Among the haunting spectres, there is the ghost of John Crowther, Father Henry Vaughan and Fanny Price. Not only them, but Judge Jeffries has also been known to recite there on dark evenings. Crowther was the last man to be executed on the property after being found guilty of sheep rustling and has since been unable to find peace. Fanny Price was a barmaid at the Skirrid Inn but died in 1873 after contracting consumption (tuberculosis). Those who have stayed at the inn have heard Fanny rustling her dress in the quiet of the night. Many also catch the scent of her antiquated perfume, often when her presence has been established there.
Location: The Skirrid Mountain Inn, Llanvihangel Crucorney, Abergavenny
How to get there: From Newport travel north
Driving – Take the A4042 road (40 minutes)
Train – From Newport or Queensway then get a bus (an hour and a half – two hours)
Treasurer’s House, Yorkshire
“By the look of you, you’ve seen the Romans!”
The Treasurer’s House, located behind York Minster, was constructed in 1419. There, the Minster’s treasurer lived and controlled the financial affairs in the abbey. Because of his charge for entertaining important guests and visitors, his residence had to reflect high standards and wealth.
This haunted location became famous in the 1970s when a witness by the name of Harry Martindale finally came forward with his story. Harry, who was 18 and worked as an engineer at the time, was installing a central heating boiler in the cellar of the house. After some time of working, he heard a trumpet. Following that, a soldier’s helmet emerged from the wall he was working from, followed by a horse and at least 20 soldiers walking two abreast. Each man carried a short sword, lance and a round shield, and looked tired and filthy.
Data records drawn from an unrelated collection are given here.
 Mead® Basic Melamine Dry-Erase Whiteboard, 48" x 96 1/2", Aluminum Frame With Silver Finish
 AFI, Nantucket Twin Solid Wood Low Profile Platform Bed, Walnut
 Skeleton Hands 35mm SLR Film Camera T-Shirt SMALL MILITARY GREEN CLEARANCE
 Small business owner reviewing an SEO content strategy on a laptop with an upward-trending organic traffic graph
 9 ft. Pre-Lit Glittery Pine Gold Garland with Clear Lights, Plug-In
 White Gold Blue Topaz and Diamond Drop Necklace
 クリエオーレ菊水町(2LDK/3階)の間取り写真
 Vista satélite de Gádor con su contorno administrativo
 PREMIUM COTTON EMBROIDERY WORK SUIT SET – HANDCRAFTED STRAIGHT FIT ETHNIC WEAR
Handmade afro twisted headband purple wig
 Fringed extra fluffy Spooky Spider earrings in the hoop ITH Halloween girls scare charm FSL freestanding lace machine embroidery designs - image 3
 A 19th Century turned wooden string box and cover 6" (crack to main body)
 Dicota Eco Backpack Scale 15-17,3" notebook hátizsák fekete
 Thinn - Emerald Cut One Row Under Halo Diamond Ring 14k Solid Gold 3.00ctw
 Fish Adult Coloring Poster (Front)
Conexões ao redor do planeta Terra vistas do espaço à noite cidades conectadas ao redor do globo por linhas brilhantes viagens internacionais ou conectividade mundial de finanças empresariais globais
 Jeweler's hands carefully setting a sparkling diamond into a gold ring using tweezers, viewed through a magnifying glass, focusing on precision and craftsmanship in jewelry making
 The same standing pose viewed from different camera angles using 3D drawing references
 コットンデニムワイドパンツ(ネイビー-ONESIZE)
After falling from his ladder in shock, he ran upstairs to the curator and, before he could say a word, the curator said: ‘By the look of you, you’ve seen the Romans!’
Some time after Harry came forward with this information, there were many who tried to disprove him. A common argument revolved around the shields being the wrong shape, but it was discovered that there were Romans who carried round shields. On top of that, it was uncovered that a Roman road lay about 18 inches below the floor of the cellar. This road was used in the Fourth century AD when the Sixth Legion was withdrawn from York. The troops that replaced them carried the distinctive circular shields that Harry saw that day.
Tours: yes (not a haunted tour)
Location: Treasurer’s House, York
How to get there: in York
Driving – within York
Train – within York
Sker House, Porthcawl
Sker house is yet another of Wales’ haunted locations. Built in the 12th century, this site has a long history of sadness. The most famous tale of Sker house is that of a tragic love and even was a book written about it. It is said that because of this sad tale of romance, the ghost of Elizabeth Williams haunts the property.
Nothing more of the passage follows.